The collapse of Lehman Brothers didn’t cause the Great Recession
I recently published an article (here is the reprinted version) in which I analyze 5 lesser known economic downturns of the 20th century. The article starts like this:
A decade has passed since the collapse of the Lehmann Brothers investment bank, triggering the worst recession since the stock market collapse of 1929.
However, the original version of the article (i.e., prior to being edited) said something different:
A decade has passed since the 2008 Financial Crisis, which triggered the worst recession since the 1930s.
The edited version conveys an idea that doesn’t appear in my original article and with which I completely disagree, namely: the bailout of Lehman Brothers would have prevented the Great Recession. The causes of the 2008 Financial Crisis and subsequent recession have been extensively studied over the last decade. Deregulation in financial markets, low interest rates during the 2000s or the monetary policy decisions of the Fed during 2008 are some of the hypotheses put forward to explain the worst economic crisis since the 1930s.

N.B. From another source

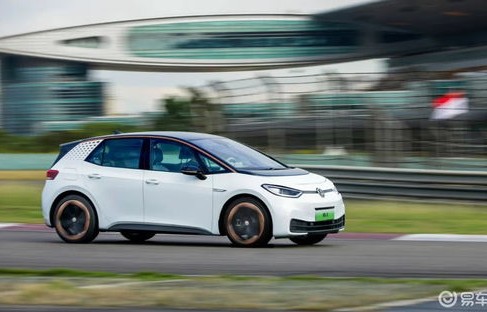 甲壳虫2024款落地价(大众6万左右小糯米)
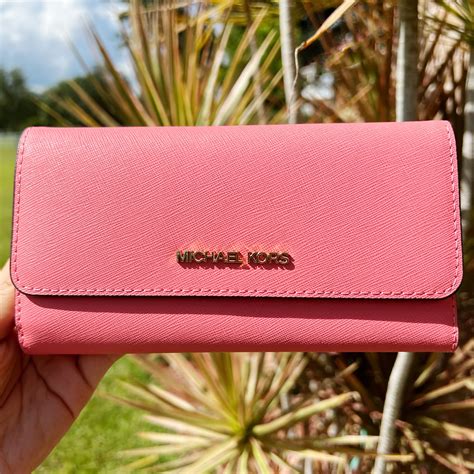 raspberry pink michael kors wallet|Michael Kors purses vanilla pink.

Because my article doesn’t deal with the causes of the Great Recession, I deliberately abstained from entering the above debate. Instead, I just mentioned that the Financial Crisis somehow contributed to triggering the Great Recession. Yet one thing is clear: the collapse of Lehman Brothers did NOT cause the Great Recession. When Lehman went bankrupt, the economy was already contracting!
Don’t get me wrong. I’m not criticizing the fantastic editing work that editors do with my articles. I’m sure I give them more work than most writers due to English not being my first language. I just wanted to clarify my position on such a relevant episode of the recent history of the United States.